Las Palmas
Nach einem Besuch der IFA in Berlin und einem anstrengenden Flug mit 5 Stunden Aufenthalt in der Schweiz sind wir schließlich in Gran Canaria gelandet. Die Schweizer Airline hatte uns trotz des kurzen Fluges ein leckeres Frühstück mit Schweizer Käse und Schweizer Schokolade gesponsort, und so konnten wir direkt mit dem Mietauto die Insel erkunden.

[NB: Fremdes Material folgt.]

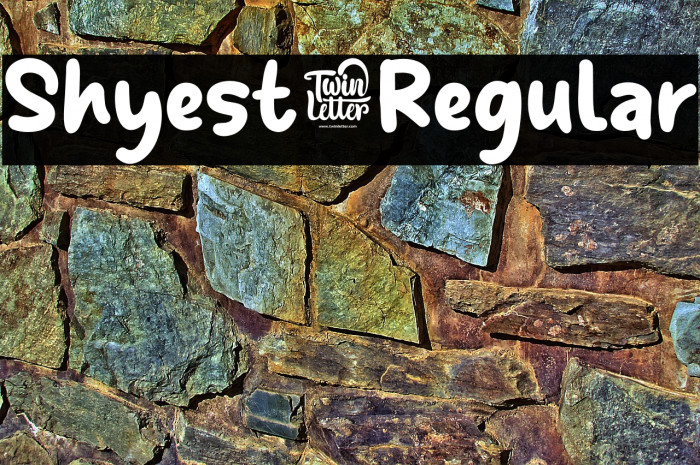 Shyest-Regular Example 2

Uns zog es zunächst nach Las Palmas, der Hauptstadt der Insel, auf der sich auch unser Flughafen befindet. Wir erkundeten den Strand “Playa del Confital” und sogen die trockene Landschaft ein.
Anschließend zogen wir weiter in unsere Unterkunft in die kleine spanische Gemeinde “Ingenio”.
Dunas de Maspalomas
Am nächsten morgen nutzten wir unseren irritierten Schlafrythmus direkt aus. Wir fuhren an die Südküste der Insel du den “Dunas de Maspalomas”, um den Sonnenaufgang dort zu erleben.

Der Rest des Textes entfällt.